On a également un nivellement des événements dans un temps arasé : Il situe la mort de sa mère la veille alors que ce jour était celui de son enterrement : « depuis hier », et a recours au passé composé, avec succession d’actions accomplies déroulées comme dans un compte rendu de faits, d’actions non commentées et non analysées .

c) La résurgence de l’insignifiance des événements, des réactions, des sentiments

Meursault repense au mécontentement de son patron alors qu’il vient d’être plongé dans le malheur. Tout se passe comme si ce qui lui arrive est le plus naturel du monde et est insignifiant : « Cela ne signifiait rien ». Aussi Sartre peut-il comparer Meursault à un homme vu derrière une cloison vitrée dont les gestes paraîtraient absurdes, sans signification : « une conscience transparente aux choses et opaque aux significations. »

(Transition) Plus sensuel que sentimental, indifférent et d’une certaine manière insensé, Meursault est bel et bien étranger. Mais n’est-il pas plus complexe qu’il n’y paraît ?

III. Meursault : un être primitif ou un personnage en quête de sens et d’authenticité ?

S’il n’exprime jamais de sentiments, il n’en est peut-être pas totalement dépourvu et son étrangeté n’a peut-être d’égal que celle de la société elle-même.

a) Le sentiment de culpabilité : une preuve d’amour ?

Le sentiment de culpabilité est énoncé puis, d’une certaine façon refoulé par la généralisation : « De toute façon, on est toujours un peu fautif » : présence du pronom impersonnel « on », ainsi que du présent de vérité générale, associé à la locution adverbiale.

Cependant, en cherchant à se persuader de son innocence, ne donne-t-il pas à voir l’affection qu’il porte à sa mère ? Il ne serait donc pas indifférent et ce serait même là le seul sentiment qui transparaîtrait dans l’extrait. De même en est-il de la désignation enfantine de sa mère par le mot « maman » .

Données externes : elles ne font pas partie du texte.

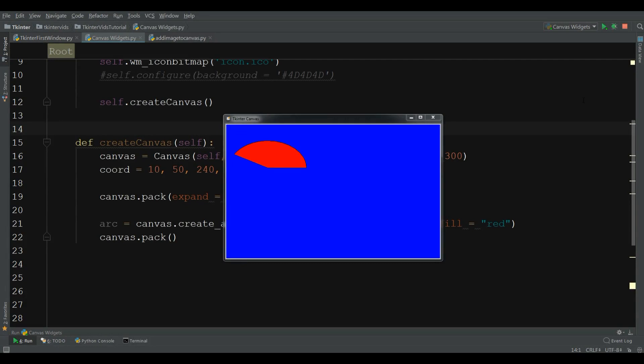Hello friends, I am Parviz and today is our 20th video in Python Tkinter GUI application development. In the last video I covered how you can create a canvas widget in Tkinter, and also how you can add a shape to your canvas. In this video I am going to show you how you can add an image to your canvas.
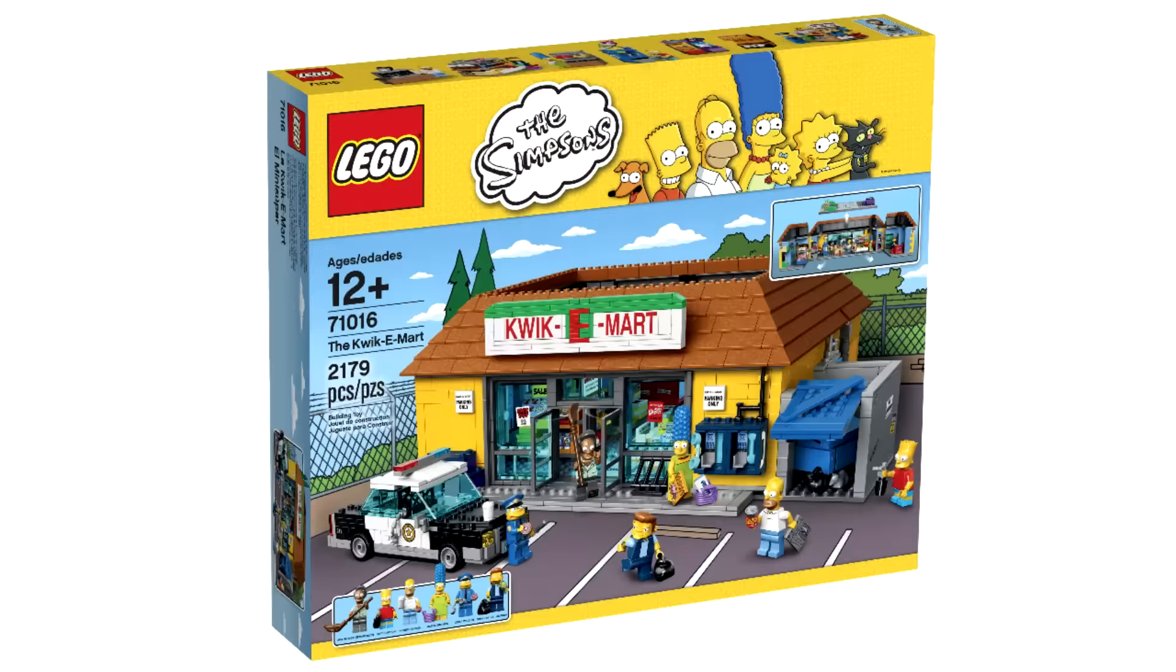Knowing this set is a direct-to-consumer set, which means it will only be available from LEGO Shop at Home and LEGO Stores, the box outline to me reminds me of the Kwik-E-Mart, so I'm going to put my guess that this is going to be a $200 set.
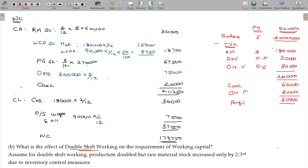If output is double, work in progress is double? That you have to understand. The double shift concept: work in progress remains the same. But output being double may not happen - there may be fatigue and wastage, so it may be less than double.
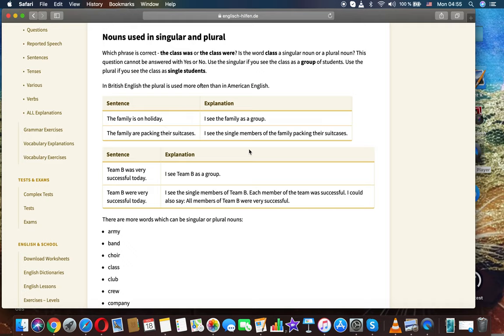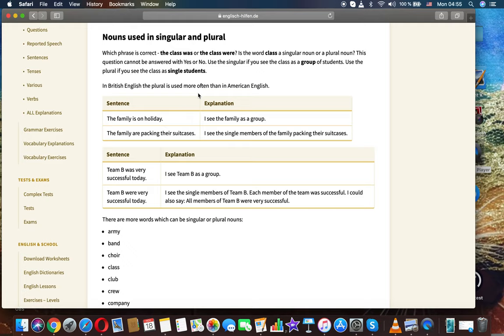Which phrase is correct: the class was or the class were? Is the word class a singular noun or a plural noun? This question cannot be answered with yes or no. Use the singular if you see the class as a group of students. Use the plural if you see the class as single students.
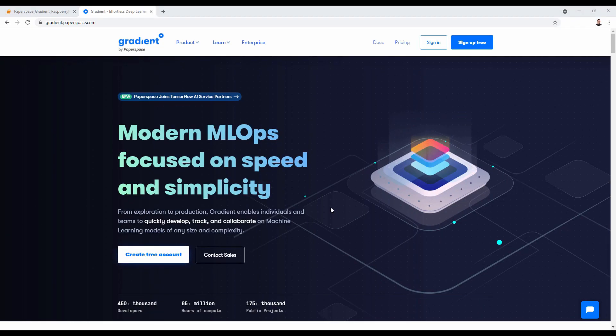That's it for this tutorial. To recap, we saw how to run a TensorFlow Lite model on Raspberry Pi by installing the TensorFlow Lite Runtime library, which contains the interpreter class that makes predictions based on a pre-trained TensorFlow Lite model. If you have any questions, reach out in the comments or on Twitter at HelloPaperspace. Gradient offers a free GPU plan so you can run this project at no cost. Thanks for watching.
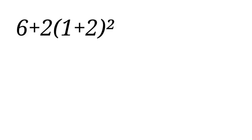Let us solve 6 plus 2, open parenthesis, 1 plus 2, close parenthesis, squared.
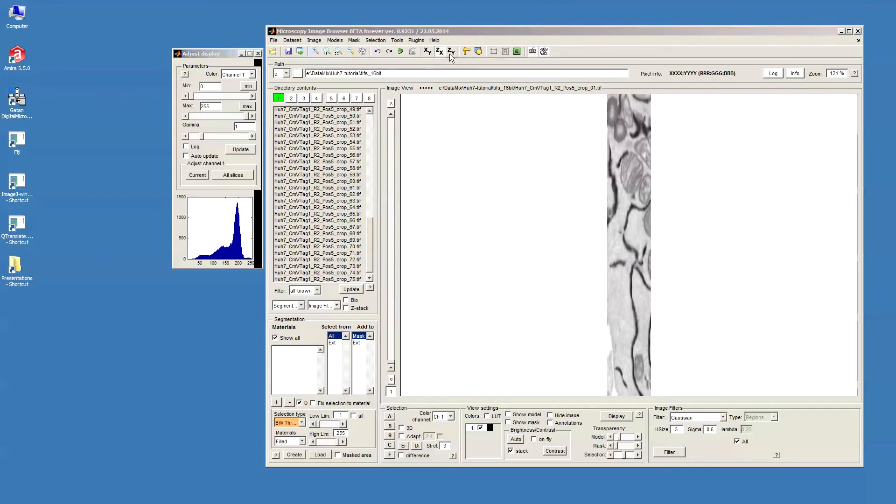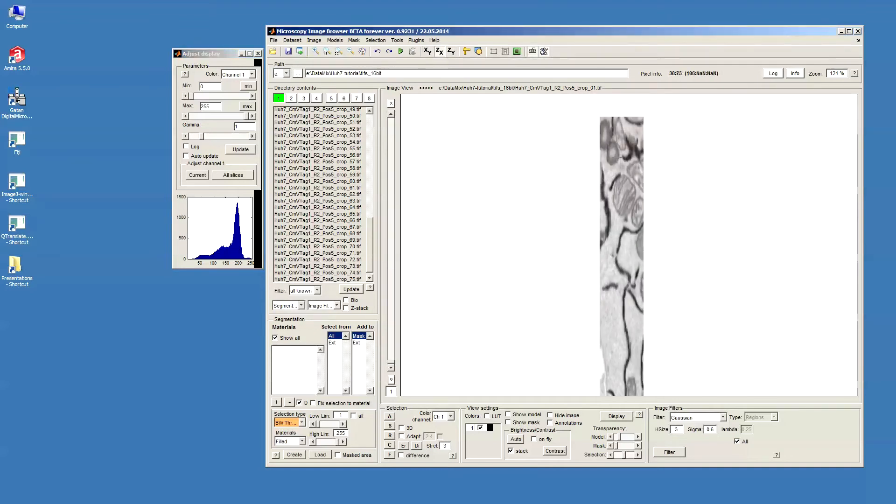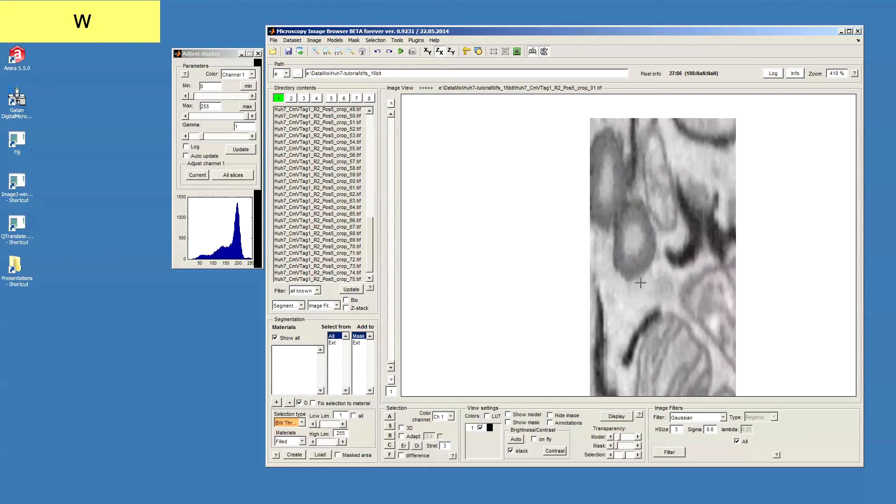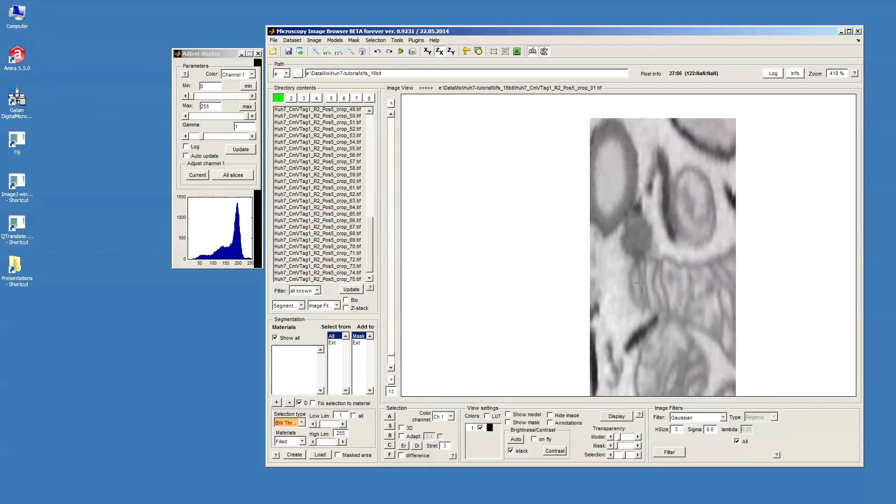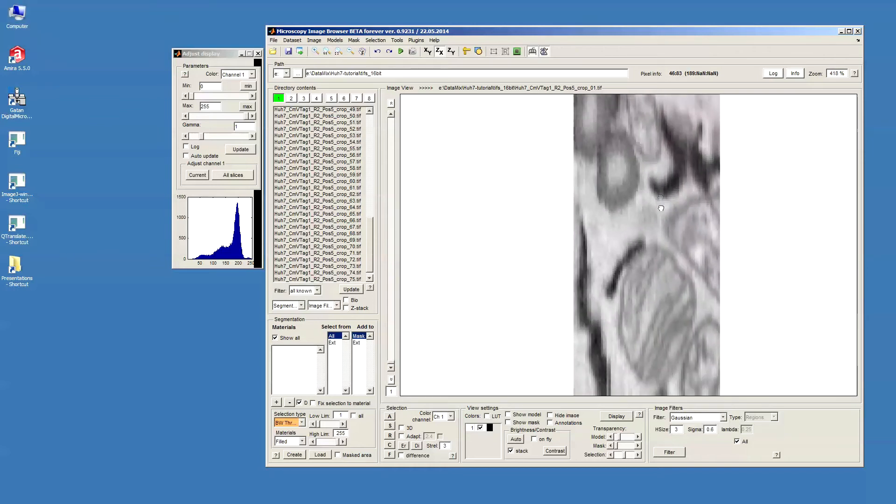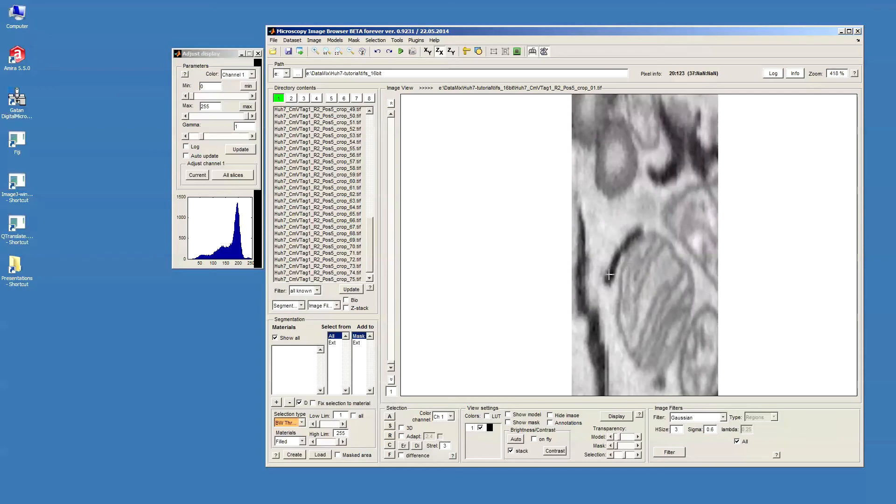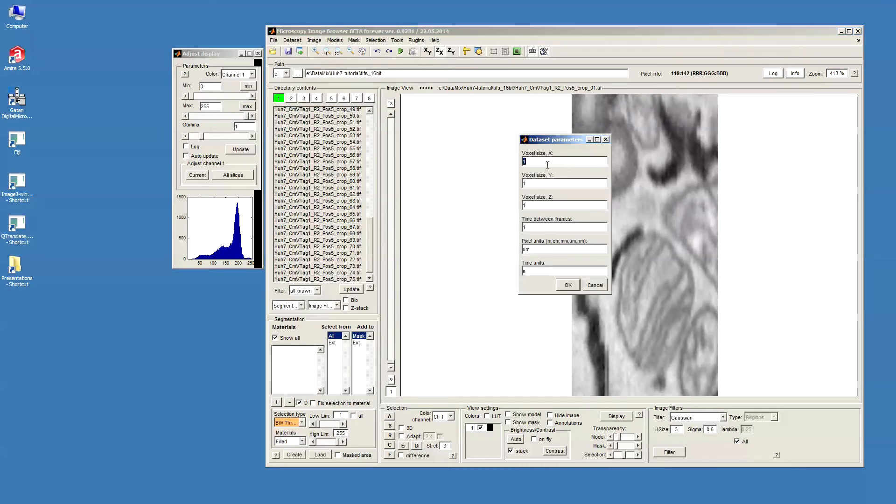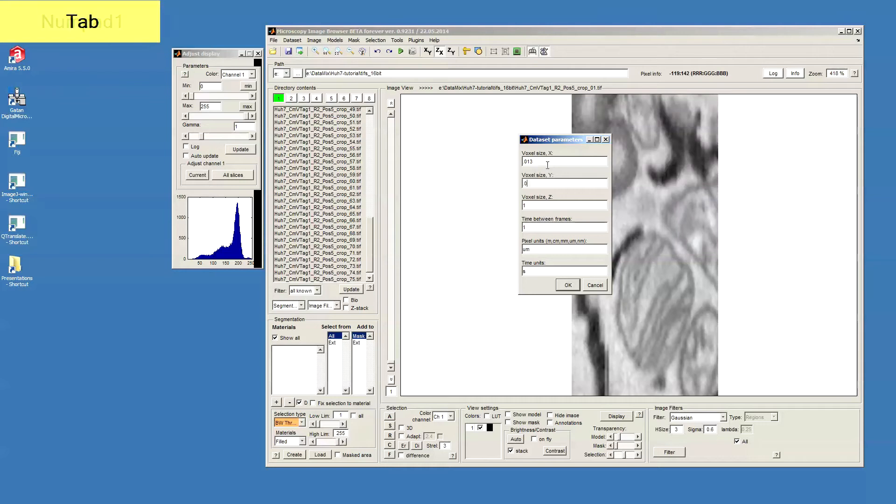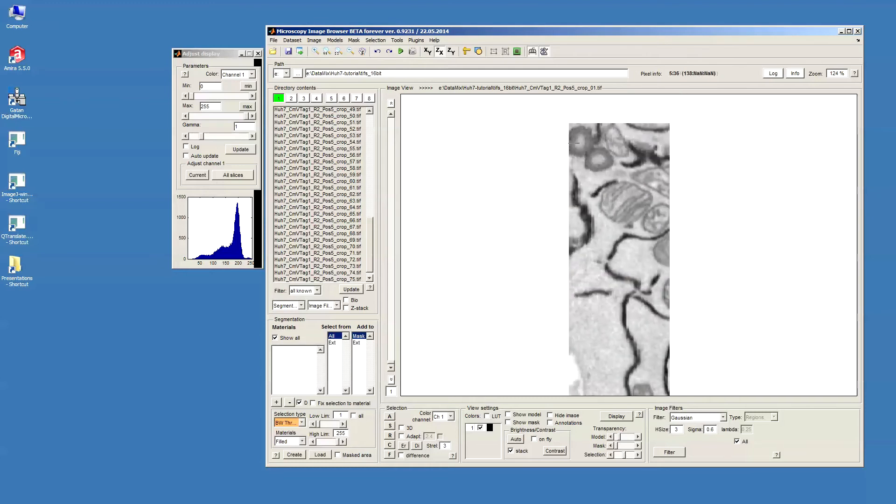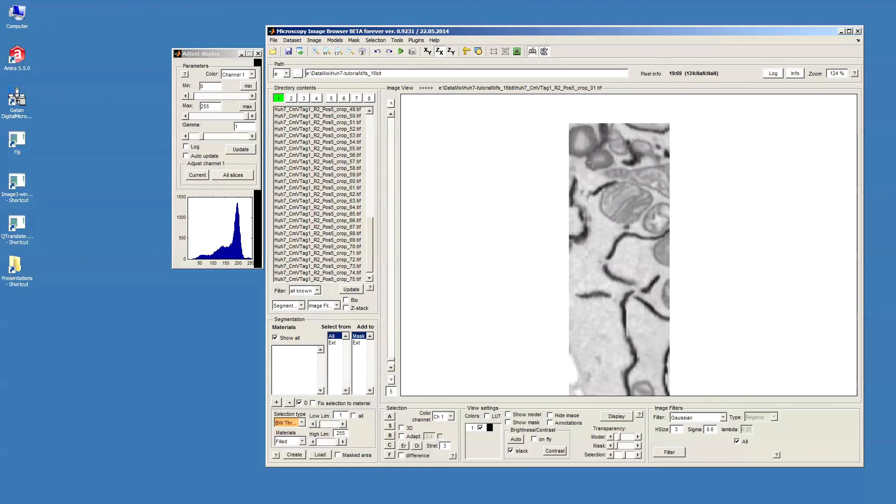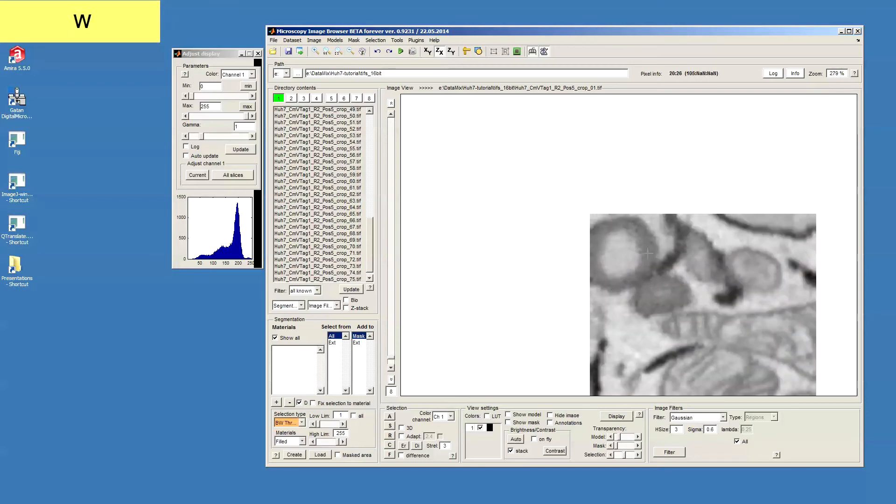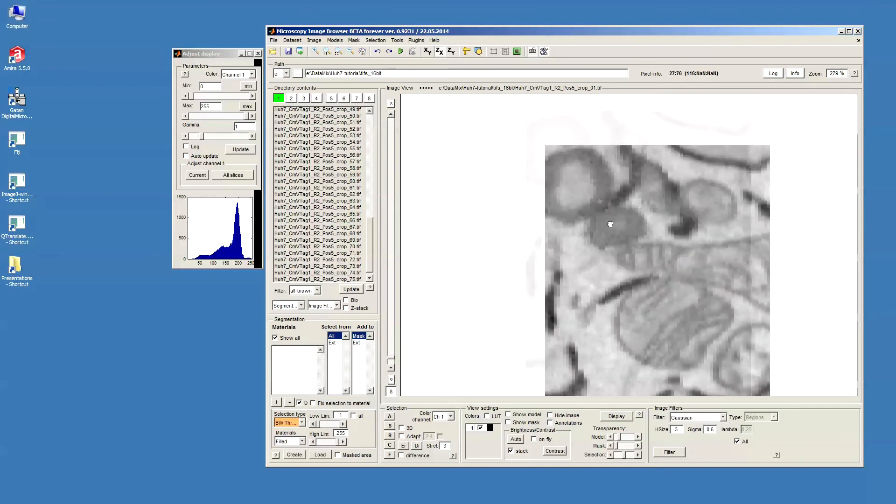We can check the data in different projections, but actually you can see here the data looks a little bit squeezed. This is because the actual voxels in this dataset are not isotropic. In order to fix this, we should go to the dataset parameters and define the proper voxel size. In this particular case I have 30 nm xy and 30 nm z resolution. After that you can see the data was stretched properly and these lipid droplets look quite roundish as they should be.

b) Le refus du protocole social

S’il se plie volontiers à cette sorte de parade amoureuse qui le rapprocherait presque de l’animal, du moins des clichés de la « drague » : effleurement, rapprochement, pénombre du cinéma qui permet des gestes plus osés, s’il accepte le port de la « cravate noire » et, par conséquent l’image du deuil, il ne semble pas accepter en revanche les attitudes stéréotypées qui consistent à ne plus rien faire lors de la perte d’un être proche, en l’occurrence, sa mère. Il se rend donc à la piscine du port.

c) Un désœuvrement existentiel ou circonstancié et ponctuel ?

Si par ailleurs, il déclare : « J’ai eu de la peine à me lever parce que j’étais fatigué de ma journée d’hier » alors que le lecteur attendrait plutôt l’expression de son chagrin, la mise en évidence du vide occasionné par la perte de sa mère, l’on peut se demander si les paroles au discours indirect ne soulignent pas son désœuvrement et par conséquent sa volonté de tuer le temps : « je me suis demandé ce que j’allais faire ». Mais n’est-ce pas également une échappatoire au deuil ?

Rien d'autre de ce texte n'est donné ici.